Mar 8, 2013, 5:12 PM EDT
While Notre Dame will inevitably put out a press release announcing Gunner Kiel‘s departure from the football program, head coach Brian Kelly‘s words — spoken to the South Bend Tribune’s Eric Hansen before Kiel decided to transfer — said all we needed to hear about Kiel’s reported decision to leave campus and look to play football at another school.
“I don’t know what happened before we got here,” Kelly told Hansen, when speaking about the potential for a quarterback to leave school instead of take part in a five-man position race. “I know what I laid down within the program about expectations and the parameters for all positions, not just quarterback.I’m going to recruit somebody to beat you out.”
It’s not, “Get used to it.” But it’s close.
For the Irish football program, now in a new stratosphere after a Cinderella 12-1 season, competition only rises with elevated expectations. Those expectations allowed the Irish to land another blue-chip quarterback, Malik Zaire, who chose to jump into the fray knowing full well that the nation’s top QB recruit from a year earlier was there, and Everett Golson was in place to be a potential four year starter.
After years of coddling signal callers — CJ Leak holding a recruiting class ransom, Jimmy Clausen getting a quarterback coach replaced — it’s a new era at quarterback, and Kelly makes no apologies.
“If you’re a quarterback and you don’t think I’m going to bring in Malik Zaire to beat you out, then you need to transfer,” Kelly continued to Hansen. “I do it in the right way. I’m not saying it’s a callous, cold way of doing it, but my job is to continue to bring in the best fits for Notre Dame, both on and off the field. So if you’re a bit uneasy about the situation, then I welcome your transfer.

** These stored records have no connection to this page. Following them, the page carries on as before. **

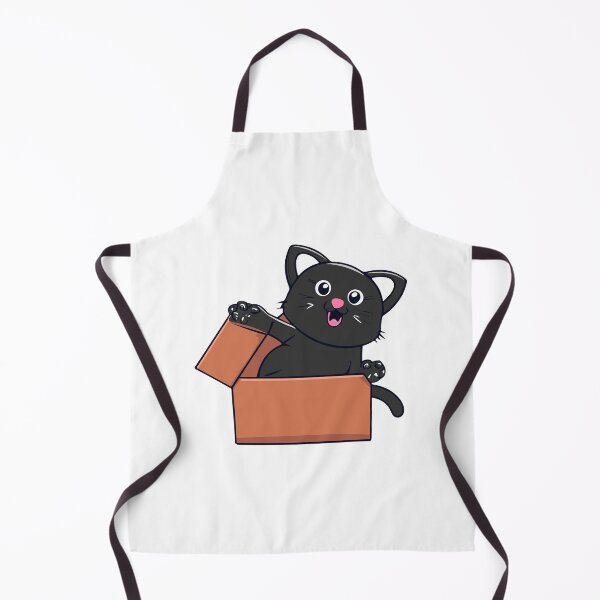 Item preview, Cat litter box and cat box sitting on cardboard box: Cat in box designed and sold by The Knick Knack Nook.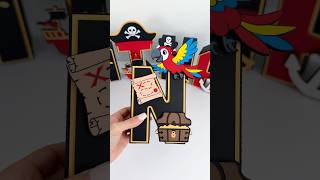 Pirate Themed 3D Letters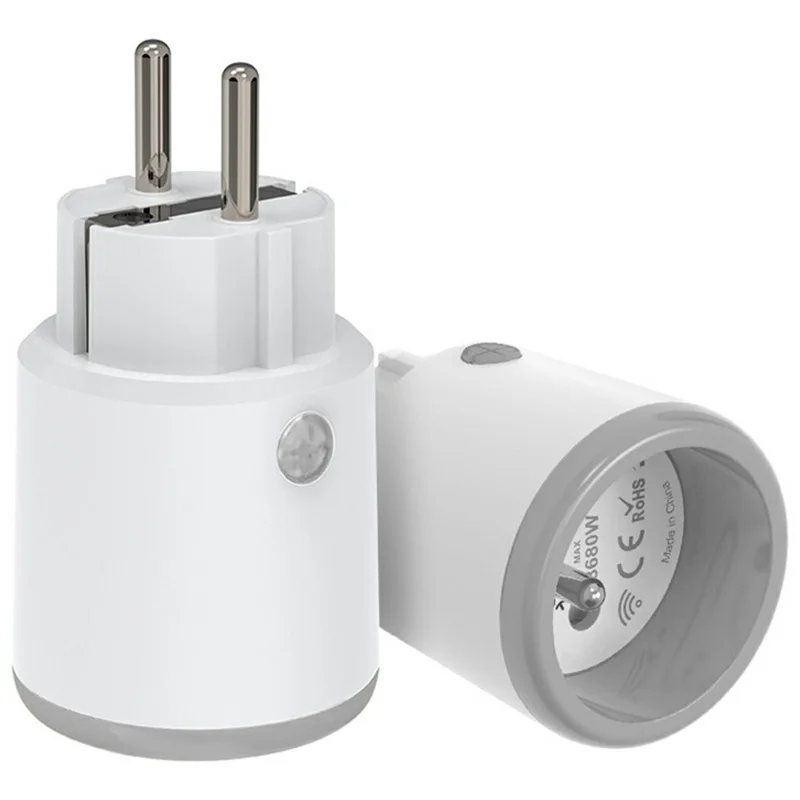 Prise intelligente NEO Matter NAS-WR15WM 16 A avec compteur d'énergie, commande intelligente pour Apple / Google / Amazon - Prise FR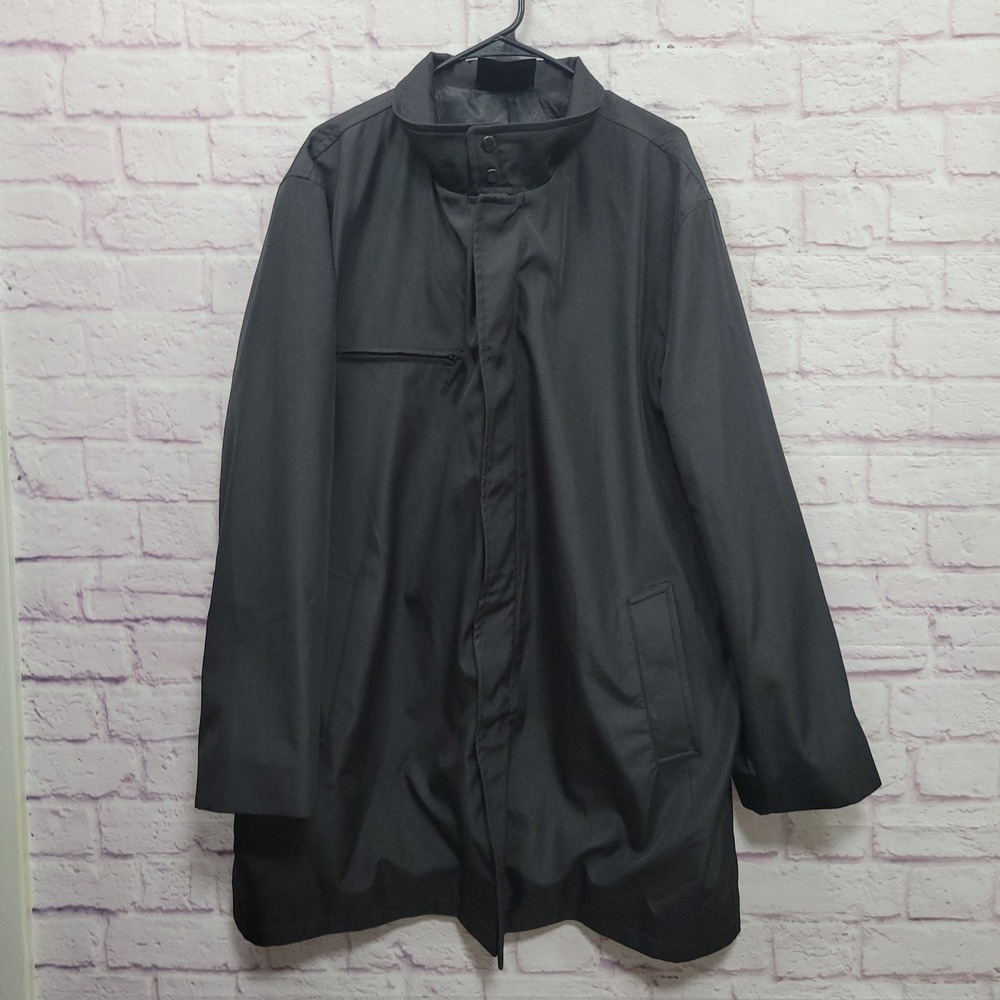 Murphy & Hartelius Pilot Aviator Coat Jacket Black Size L Oeko-Tex Missing Liner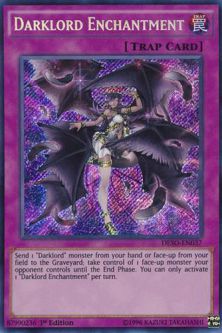 Yu-Gi-Oh Card - DESO-EN037 - DARKLORD ENCHANTMENT (secret rare holo)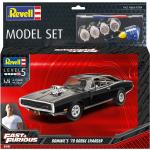 Revell - Maqueta Fast & Furious Dominic's 1970 Dodge Charger con accesorios básicos Revell.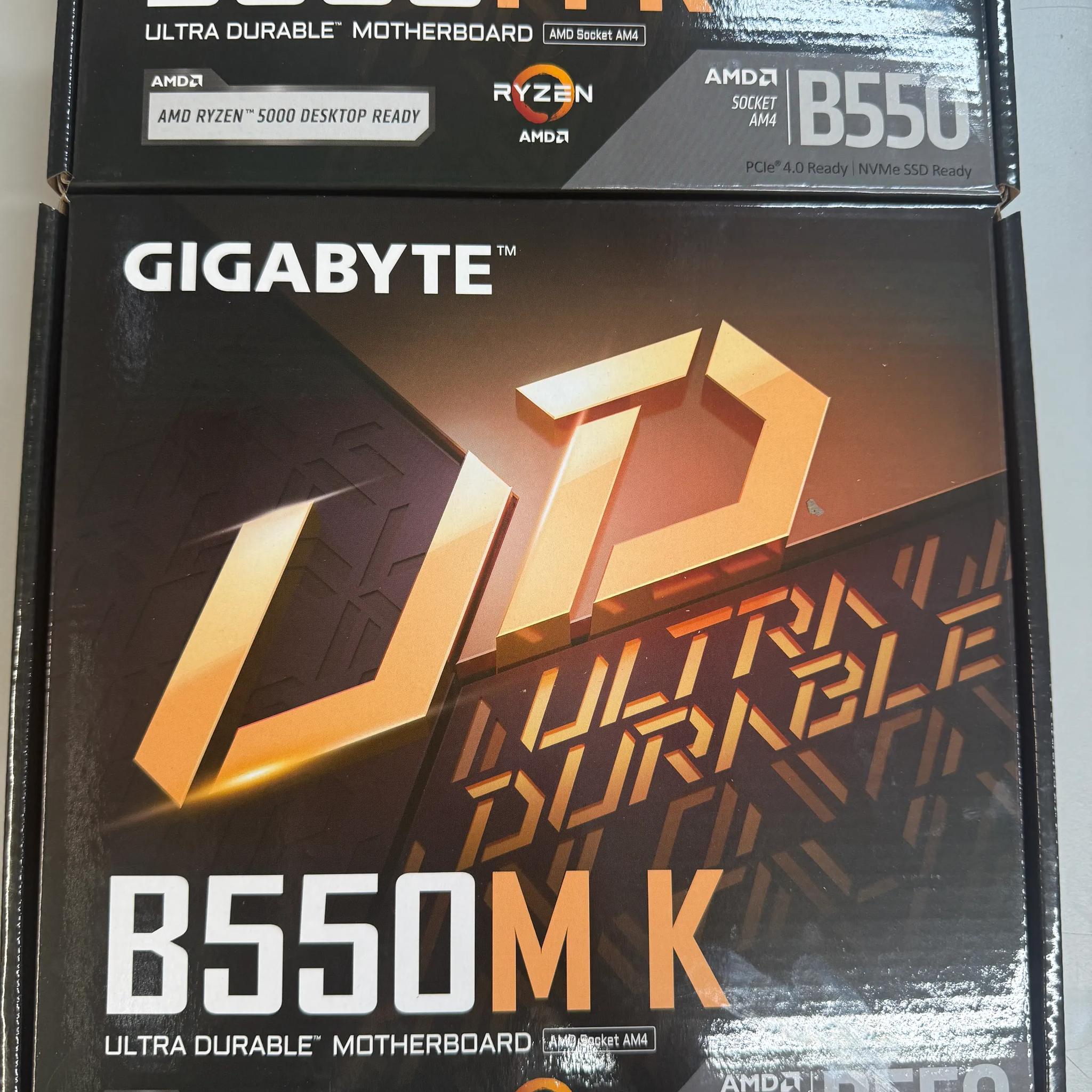 2 B550M K Motherboards Brand New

“I’ve done it since I’ve been at Grand Valley (State) that way. Try to continue that competition within the ranks, because the guys that crack are the ones you want to crack. I can tell you if the program’s humming and it’s doing it the right way, you’re going to have some transfers, because you’re building competition within the ranks.
“And it’s always going to be that way.”
Quarterbacks transferring to other schools for playing time isn’t anything new. The list at Notre Dame alone since the Holtz era, as Hansen notes, features just as many signal-callers that came and left than stayed in South Bend, and only three played their entire career at the position.
For Kiel, there’s every reason to believe he’s still got a bright future — just look at the NFL’s highest paid quarterback Joe Flacco, who left Pitt to get out from behind Tyler Palko and ended up at Delaware before making a pretty good living with the Baltimore Ravens.
But if you expect this to change Kelly and his offensive staff’s plan for recruiting quarterbacks, think again.